What helped in my case was that I had the good fortune to live in the lands once occupied by the Tang dynasty and especially among the people who were their cultural descendents. By being exposed to their language, their ways of thought, and participating in their social interactions, my fiction writer's education was helped immeasurably. Yet, with all of that education and living experience, there was still the necessity to express all those experiences in English.

A number of years ago, I joined my first writers group. I was mixed in with short story writers and poets, none of whom were deeply acquainted with the Chinese tradition. At first, I was a curiosity. A history scholar writing fantasies about swordsmen/women in China, ancient China! There were a lot of things that I had taken for granted in my writing, things I figured "everyone knew." Ha! How naïve! 

Just one basic example will serve - character names. I discovered that Western readers easily get lost in all the Wu's, Wang's, Hu's, and Li's that populate a China based story. Some Western writers will translate the names. For example, my Chinese given name (An-bo), a transliteration of the sound of "Albert," when translated means, "Peaceful Uncle." So rather than writing:

An-bo said, "This is very ridiculous." 

We'd end up with:

Peaceful Uncle said, "This is even more ridiculous." 

I don't like translated names. It reminds me of translating Albert into its Anglo-Saxon meaning: "All Bright." Too weird for these ears; just like "Peaceful Uncle." The solution? Pick a name in the foreign culture that is not too difficult to pronounce, like Li Bo – but then his parents did that for me – and attach that name to a fully developed character, one that the reader recognizes the second that the character appears in the scene. Then it doesn't matter what you name them. 

Further, I give my characters an epithet or title. For example, my character, Luo Jhu-yun; the Emperor's grand shamaness. I think I only refer to her once by her full name – a name that admittedly most Westerner's might find difficult to remember – the rest of the time she is known as "the shamaness Luo," or just "the shamaness." And, another character, the "Albino Assassin" is only referred to by that epithet.

As for environment, as you can see by my website, especially the bicycling part, I loved riding around Taiwan, especially in the mountains. I have deep feelings about Chinese landscapes and, hopefully, there is a sense of authenticity in my descriptions. And places that I haven't been to in China, I research so I know the weather, the earth, the flora and fauna of the region that my characters travel through. For the trip through the Three Gorges that Li Bo takes, I had a 12th century travel diary of a Chinese official who took the same trip. There are no 8th century travel diaries of that route in existence. But a 12th century description is much more accurate to Li Bo's time than what you'll find if you make that trip today. 
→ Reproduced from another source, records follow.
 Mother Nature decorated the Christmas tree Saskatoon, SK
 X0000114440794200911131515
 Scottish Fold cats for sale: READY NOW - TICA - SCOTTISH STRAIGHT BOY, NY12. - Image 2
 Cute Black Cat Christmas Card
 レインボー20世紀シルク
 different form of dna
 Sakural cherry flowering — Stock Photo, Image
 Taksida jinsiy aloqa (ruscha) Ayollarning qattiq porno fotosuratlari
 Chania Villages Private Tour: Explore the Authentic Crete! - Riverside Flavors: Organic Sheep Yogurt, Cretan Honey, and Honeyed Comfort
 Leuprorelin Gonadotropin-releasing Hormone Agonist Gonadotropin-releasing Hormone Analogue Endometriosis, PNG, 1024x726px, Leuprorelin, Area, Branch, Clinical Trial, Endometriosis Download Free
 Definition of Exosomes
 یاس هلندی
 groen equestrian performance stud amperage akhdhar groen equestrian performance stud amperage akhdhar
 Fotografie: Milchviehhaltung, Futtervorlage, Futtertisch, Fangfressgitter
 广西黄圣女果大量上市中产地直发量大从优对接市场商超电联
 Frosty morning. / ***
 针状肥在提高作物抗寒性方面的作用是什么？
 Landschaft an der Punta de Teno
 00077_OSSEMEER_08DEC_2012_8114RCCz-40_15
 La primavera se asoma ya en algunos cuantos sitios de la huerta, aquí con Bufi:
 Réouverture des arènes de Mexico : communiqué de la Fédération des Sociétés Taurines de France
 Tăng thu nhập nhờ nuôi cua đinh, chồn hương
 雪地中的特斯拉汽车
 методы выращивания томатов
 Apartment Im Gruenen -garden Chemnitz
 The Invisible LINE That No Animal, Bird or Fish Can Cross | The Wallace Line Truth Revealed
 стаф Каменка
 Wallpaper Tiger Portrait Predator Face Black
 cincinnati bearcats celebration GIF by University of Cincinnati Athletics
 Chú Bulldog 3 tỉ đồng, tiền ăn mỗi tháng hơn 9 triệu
And accuracy is another aspect of my fiction. My stories are set in a medieval China that is as accurate as my skill and knowledge permit me to make it. These settings are not "a China that might have been" or a China that I completely dreamed up. Further, the historical situations that are the starting point of the story are those that arose in the course of Chinese history. As far as, we know, Li Bo was sentenced to a death exile up the Yangtze River toward Burma for treason. This was after his initial sentence of death was commuted through the intervention of his high ranking friends. And by the time he reached the Mount Wu region, the exile sentence was commuted. It's said his trip involved visiting and drinking with old friends – I, perhaps, have changed the nature of those "friends." 

It has been my experience that when conjuring the "other," as a Westerner writing fiction based in a non-Western culture, the author needs to combine the skills of both nonfiction and fiction writing - know the culture and know the writer's craft.